Dennis Anderson
    c.ai

    The sun filtered through the wide glass windows of the Tommen tennis court, casting long shadows across the polished floor. The low rhythmic thump of tennis balls echoed around the room, each strike sharp and deliberate. You moved across the court with practiced ease, not because you loved the sport, but because Caoimhe had asked. You weren’t one to say no to her.

    Your uniform, just like everything else you wore, had your signature touch — a little shorter, a little tighter, a little more you. Eyes were always on you, but you’d grown used to that. Being watched was a part of your reality. Judged. Whispered about. Labeled. You didn’t care. Or at least, you told yourself that enough times to almost believe it.
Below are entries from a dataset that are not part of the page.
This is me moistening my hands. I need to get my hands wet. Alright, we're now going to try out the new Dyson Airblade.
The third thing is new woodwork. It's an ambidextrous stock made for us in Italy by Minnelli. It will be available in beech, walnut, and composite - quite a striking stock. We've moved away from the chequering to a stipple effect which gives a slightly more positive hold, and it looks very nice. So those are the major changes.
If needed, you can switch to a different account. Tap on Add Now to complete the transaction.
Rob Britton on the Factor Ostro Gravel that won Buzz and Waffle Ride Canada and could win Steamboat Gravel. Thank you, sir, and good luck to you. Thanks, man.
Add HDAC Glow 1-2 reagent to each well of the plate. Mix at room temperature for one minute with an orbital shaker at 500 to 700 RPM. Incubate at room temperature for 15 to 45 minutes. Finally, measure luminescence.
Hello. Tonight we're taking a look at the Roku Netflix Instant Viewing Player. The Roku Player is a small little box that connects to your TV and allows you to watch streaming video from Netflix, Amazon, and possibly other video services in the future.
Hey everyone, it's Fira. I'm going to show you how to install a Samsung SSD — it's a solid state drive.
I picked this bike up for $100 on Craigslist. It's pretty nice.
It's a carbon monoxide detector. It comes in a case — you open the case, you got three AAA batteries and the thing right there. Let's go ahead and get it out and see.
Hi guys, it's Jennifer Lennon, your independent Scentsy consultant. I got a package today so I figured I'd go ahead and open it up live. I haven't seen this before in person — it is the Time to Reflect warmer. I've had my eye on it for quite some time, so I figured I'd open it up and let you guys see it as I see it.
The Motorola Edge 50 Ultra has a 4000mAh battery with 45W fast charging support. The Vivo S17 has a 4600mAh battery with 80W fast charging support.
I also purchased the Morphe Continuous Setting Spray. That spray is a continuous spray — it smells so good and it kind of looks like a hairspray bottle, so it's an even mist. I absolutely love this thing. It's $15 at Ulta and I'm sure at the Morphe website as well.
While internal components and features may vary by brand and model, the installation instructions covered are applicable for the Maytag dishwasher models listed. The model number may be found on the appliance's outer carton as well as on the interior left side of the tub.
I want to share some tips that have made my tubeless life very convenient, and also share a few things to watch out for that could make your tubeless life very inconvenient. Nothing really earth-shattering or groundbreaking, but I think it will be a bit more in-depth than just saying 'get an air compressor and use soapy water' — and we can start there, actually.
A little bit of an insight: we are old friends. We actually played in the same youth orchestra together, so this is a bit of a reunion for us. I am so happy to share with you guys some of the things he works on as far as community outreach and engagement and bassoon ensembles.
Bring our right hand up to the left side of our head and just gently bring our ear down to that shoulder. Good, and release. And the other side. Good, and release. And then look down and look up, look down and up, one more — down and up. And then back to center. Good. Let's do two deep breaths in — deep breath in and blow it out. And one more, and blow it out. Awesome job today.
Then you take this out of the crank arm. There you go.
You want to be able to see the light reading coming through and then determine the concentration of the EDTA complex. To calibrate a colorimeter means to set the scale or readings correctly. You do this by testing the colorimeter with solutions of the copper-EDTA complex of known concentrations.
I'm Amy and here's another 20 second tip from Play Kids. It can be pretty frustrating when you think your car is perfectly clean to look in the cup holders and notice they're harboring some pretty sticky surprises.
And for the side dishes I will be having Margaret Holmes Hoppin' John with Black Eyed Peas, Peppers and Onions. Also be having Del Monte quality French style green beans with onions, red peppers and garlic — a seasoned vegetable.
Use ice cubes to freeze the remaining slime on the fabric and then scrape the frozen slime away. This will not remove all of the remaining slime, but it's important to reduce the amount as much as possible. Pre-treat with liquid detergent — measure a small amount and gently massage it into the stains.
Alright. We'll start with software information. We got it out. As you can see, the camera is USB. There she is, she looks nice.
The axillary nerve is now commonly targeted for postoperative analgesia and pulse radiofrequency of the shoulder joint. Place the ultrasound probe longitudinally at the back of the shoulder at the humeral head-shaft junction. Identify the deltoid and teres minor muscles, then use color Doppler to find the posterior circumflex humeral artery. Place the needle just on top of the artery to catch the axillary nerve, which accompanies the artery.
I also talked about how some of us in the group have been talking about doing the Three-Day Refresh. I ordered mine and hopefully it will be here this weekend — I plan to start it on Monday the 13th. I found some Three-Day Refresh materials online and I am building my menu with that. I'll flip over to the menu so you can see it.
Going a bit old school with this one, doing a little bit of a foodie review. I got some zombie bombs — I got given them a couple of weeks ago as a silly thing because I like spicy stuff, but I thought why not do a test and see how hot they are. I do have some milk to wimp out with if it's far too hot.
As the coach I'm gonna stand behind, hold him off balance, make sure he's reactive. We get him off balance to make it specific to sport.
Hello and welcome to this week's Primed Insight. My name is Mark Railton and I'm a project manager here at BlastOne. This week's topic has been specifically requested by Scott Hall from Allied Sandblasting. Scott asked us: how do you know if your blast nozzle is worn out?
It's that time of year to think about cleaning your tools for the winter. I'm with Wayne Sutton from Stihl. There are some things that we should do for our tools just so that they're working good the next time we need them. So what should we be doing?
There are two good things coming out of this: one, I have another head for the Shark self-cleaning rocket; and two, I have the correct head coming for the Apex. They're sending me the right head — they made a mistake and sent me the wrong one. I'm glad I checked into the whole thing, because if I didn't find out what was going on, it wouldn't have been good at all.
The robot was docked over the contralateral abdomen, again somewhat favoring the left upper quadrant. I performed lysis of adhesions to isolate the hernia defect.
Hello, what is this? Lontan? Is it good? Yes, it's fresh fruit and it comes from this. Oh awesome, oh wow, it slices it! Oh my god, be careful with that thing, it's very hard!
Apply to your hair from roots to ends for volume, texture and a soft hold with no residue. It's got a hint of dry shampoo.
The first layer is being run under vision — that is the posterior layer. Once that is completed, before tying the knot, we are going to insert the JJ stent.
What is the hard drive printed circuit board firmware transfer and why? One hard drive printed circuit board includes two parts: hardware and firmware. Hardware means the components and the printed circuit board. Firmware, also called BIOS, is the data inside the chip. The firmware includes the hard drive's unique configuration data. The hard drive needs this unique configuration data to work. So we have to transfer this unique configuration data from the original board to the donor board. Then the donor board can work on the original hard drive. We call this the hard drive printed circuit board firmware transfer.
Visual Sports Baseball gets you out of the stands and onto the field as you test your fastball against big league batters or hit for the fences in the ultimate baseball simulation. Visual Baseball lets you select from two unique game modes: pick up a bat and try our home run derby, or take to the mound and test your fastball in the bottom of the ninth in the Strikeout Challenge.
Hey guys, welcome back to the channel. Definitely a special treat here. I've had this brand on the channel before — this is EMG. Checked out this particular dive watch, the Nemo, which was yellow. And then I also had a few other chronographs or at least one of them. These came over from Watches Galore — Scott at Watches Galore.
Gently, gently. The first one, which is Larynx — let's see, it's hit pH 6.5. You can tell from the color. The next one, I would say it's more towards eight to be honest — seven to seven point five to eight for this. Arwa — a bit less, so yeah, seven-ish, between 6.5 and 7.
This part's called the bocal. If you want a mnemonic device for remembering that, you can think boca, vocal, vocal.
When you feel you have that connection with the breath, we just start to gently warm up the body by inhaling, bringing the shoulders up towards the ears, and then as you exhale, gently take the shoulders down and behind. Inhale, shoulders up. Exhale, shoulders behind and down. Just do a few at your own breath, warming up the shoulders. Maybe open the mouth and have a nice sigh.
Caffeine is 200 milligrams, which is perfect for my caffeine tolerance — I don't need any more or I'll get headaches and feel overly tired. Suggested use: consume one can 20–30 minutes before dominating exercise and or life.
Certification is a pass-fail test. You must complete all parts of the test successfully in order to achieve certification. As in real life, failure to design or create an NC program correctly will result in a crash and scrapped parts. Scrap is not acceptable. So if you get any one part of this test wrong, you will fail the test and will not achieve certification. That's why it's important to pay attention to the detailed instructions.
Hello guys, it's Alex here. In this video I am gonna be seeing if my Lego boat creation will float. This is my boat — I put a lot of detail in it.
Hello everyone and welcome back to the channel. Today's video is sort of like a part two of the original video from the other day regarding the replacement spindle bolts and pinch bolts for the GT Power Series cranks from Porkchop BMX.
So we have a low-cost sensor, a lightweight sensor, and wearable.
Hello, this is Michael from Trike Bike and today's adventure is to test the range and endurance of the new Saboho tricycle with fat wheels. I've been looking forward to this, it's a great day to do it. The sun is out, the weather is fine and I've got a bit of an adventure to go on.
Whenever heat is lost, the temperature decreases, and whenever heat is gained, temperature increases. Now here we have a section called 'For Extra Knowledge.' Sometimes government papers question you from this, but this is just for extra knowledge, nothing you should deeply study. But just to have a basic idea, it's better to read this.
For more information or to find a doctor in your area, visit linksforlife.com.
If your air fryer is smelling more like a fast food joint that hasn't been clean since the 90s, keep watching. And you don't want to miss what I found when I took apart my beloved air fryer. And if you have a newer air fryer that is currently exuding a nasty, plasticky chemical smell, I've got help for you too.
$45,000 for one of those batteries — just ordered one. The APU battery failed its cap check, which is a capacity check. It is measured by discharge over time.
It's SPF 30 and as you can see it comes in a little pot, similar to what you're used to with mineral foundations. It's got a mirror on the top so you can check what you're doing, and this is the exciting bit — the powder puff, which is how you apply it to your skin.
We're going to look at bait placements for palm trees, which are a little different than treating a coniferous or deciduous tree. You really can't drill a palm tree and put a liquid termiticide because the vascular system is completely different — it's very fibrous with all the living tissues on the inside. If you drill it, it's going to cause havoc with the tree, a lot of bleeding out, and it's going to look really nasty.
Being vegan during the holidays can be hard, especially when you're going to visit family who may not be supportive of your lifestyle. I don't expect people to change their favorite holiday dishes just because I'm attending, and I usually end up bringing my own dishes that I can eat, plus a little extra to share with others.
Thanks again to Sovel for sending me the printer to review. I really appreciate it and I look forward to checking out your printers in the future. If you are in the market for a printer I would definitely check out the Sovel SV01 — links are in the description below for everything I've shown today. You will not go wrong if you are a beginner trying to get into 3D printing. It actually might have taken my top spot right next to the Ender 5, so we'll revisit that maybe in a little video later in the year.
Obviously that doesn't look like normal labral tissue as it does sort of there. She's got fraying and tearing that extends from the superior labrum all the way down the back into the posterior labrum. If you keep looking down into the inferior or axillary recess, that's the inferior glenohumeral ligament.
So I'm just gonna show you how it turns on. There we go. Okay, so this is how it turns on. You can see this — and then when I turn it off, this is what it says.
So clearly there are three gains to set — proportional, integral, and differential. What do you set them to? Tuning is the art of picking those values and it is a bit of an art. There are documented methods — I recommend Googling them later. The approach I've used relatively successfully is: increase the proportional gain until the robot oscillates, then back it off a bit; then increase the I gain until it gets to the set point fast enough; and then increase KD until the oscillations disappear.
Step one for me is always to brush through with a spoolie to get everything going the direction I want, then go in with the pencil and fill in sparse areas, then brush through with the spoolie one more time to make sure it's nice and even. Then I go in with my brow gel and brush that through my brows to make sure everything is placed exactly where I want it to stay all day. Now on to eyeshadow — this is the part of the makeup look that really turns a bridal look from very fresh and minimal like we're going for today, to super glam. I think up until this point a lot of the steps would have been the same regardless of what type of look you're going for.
    The coach’s voice barked instructions, his presence looming a little too close. Every time he moved behind you, there was a cold dread that slithered up your spine. His touch lingered longer than necessary. His hands gripped your waist under the guise of correction. He adjusted your stance with fingers that dug just a bit too deep. You stiffened every time. It never helped. He never noticed — or maybe he didn’t care.

    From the upper mezzanine, Dennis Anderson stood, arms crossed, posture rigid, gaze locked onto the court. He had been passing through, intending to drop something to Caoimhe — nothing more. You were the last person he wanted to see. Spoiled. Provocative. All the things his father had warned him about. You were chaos wrapped in a too-tight skirt and a smirk that never wavered.

    But the moment he saw the coach’s hand touch your lower back — the way you flinched and masked it a second too late — everything changed.

    Dennis’s jaw clenched, every muscle in his body winding tight like a drawn bow. He wasn’t sure when he’d started paying attention to the way your eyes dulled when you thought no one was looking. Or when your laugh stopped sounding reckless and started sounding hollow. He wasn’t supposed to care. You were the problem. The one he was told to stay away from.

    But standing there, watching that man inch closer to you again, watching you grit your teeth and force a smile that didn’t reach your eyes, something inside him snapped.

    The fury was instant. Cold and consuming. His vision tunneled, heart hammering against his ribs, fists curling at his sides. He didn’t understand it, didn’t want to. But it was there. Raw. Ugly. Protective.

    You weren’t his. He didn’t even like you.

    But in that moment, watching you shrink from that coach, all he saw was pure rage.